Return the records below exactly as they are written.

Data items
►
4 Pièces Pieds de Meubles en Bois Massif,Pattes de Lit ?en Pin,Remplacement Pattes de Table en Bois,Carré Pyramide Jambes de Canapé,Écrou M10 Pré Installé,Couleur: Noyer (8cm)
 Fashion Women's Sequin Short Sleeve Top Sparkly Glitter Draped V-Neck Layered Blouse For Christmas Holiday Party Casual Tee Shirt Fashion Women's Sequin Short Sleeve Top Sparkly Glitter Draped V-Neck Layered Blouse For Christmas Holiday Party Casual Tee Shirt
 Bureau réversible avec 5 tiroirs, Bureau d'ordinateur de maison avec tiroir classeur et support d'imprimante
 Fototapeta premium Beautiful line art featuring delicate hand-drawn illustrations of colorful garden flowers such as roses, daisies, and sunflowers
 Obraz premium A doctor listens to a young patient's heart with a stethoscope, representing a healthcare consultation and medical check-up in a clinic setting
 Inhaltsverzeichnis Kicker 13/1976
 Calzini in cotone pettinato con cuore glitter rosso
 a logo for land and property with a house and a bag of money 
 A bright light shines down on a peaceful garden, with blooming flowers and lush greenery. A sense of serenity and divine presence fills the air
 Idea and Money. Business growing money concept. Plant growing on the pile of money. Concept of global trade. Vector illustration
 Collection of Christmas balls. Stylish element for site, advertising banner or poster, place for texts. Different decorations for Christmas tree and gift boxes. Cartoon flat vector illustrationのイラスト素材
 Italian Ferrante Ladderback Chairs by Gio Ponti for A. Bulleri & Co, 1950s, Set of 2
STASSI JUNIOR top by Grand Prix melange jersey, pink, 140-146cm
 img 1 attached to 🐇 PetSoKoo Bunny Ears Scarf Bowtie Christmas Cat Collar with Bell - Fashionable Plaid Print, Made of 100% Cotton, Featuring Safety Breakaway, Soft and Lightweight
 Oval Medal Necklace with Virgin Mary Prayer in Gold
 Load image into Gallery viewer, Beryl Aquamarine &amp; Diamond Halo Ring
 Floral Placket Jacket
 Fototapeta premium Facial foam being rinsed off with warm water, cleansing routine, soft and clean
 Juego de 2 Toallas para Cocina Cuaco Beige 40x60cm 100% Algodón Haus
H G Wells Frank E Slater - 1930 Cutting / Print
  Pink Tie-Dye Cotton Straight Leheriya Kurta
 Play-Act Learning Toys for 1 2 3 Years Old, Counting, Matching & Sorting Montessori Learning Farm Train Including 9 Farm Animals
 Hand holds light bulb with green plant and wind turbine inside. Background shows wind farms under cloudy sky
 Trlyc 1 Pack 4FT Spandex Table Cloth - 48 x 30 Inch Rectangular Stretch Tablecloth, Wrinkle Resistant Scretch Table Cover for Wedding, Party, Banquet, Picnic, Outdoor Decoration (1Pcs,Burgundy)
◄
Task answer:
4 Pièces Pieds de Meubles en Bois Massif,Pattes de Lit ?en Pin,Remplacement Pattes de Table en Bois,Carré Pyramide Jambes de Canapé,Écrou M10 Pré Installé,Couleur: Noyer (8cm)
 Fashion Women's Sequin Short Sleeve Top Sparkly Glitter Draped V-Neck Layered Blouse For Christmas Holiday Party Casual Tee Shirt Fashion Women's Sequin Short Sleeve Top Sparkly Glitter Draped V-Neck Layered Blouse For Christmas Holiday Party Casual Tee Shirt
 Bureau réversible avec 5 tiroirs, Bureau d'ordinateur de maison avec tiroir classeur et support d'imprimante
 Fototapeta premium Beautiful line art featuring delicate hand-drawn illustrations of colorful garden flowers such as roses, daisies, and sunflowers
 Obraz premium A doctor listens to a young patient's heart with a stethoscope, representing a healthcare consultation and medical check-up in a clinic setting
 Inhaltsverzeichnis Kicker 13/1976
 Calzini in cotone pettinato con cuore glitter rosso
 a logo for land and property with a house and a bag of money 
 A bright light shines down on a peaceful garden, with blooming flowers and lush greenery. A sense of serenity and divine presence fills the air
 Idea and Money. Business growing money concept. Plant growing on the pile of money. Concept of global trade. Vector illustration
 Collection of Christmas balls. Stylish element for site, advertising banner or poster, place for texts. Different decorations for Christmas tree and gift boxes. Cartoon flat vector illustrationのイラスト素材
 Italian Ferrante Ladderback Chairs by Gio Ponti for A. Bulleri & Co, 1950s, Set of 2
STASSI JUNIOR top by Grand Prix melange jersey, pink, 140-146cm
 img 1 attached to 🐇 PetSoKoo Bunny Ears Scarf Bowtie Christmas Cat Collar with Bell - Fashionable Plaid Print, Made of 100% Cotton, Featuring Safety Breakaway, Soft and Lightweight
 Oval Medal Necklace with Virgin Mary Prayer in Gold
 Load image into Gallery viewer, Beryl Aquamarine &amp; Diamond Halo Ring
 Floral Placket Jacket
 Fototapeta premium Facial foam being rinsed off with warm water, cleansing routine, soft and clean
 Juego de 2 Toallas para Cocina Cuaco Beige 40x60cm 100% Algodón Haus
H G Wells Frank E Slater - 1930 Cutting / Print
  Pink Tie-Dye Cotton Straight Leheriya Kurta
 Play-Act Learning Toys for 1 2 3 Years Old, Counting, Matching & Sorting Montessori Learning Farm Train Including 9 Farm Animals
 Hand holds light bulb with green plant and wind turbine inside. Background shows wind farms under cloudy sky
 Trlyc 1 Pack 4FT Spandex Table Cloth - 48 x 30 Inch Rectangular Stretch Tablecloth, Wrinkle Resistant Scretch Table Cover for Wedding, Party, Banquet, Picnic, Outdoor Decoration (1Pcs,Burgundy)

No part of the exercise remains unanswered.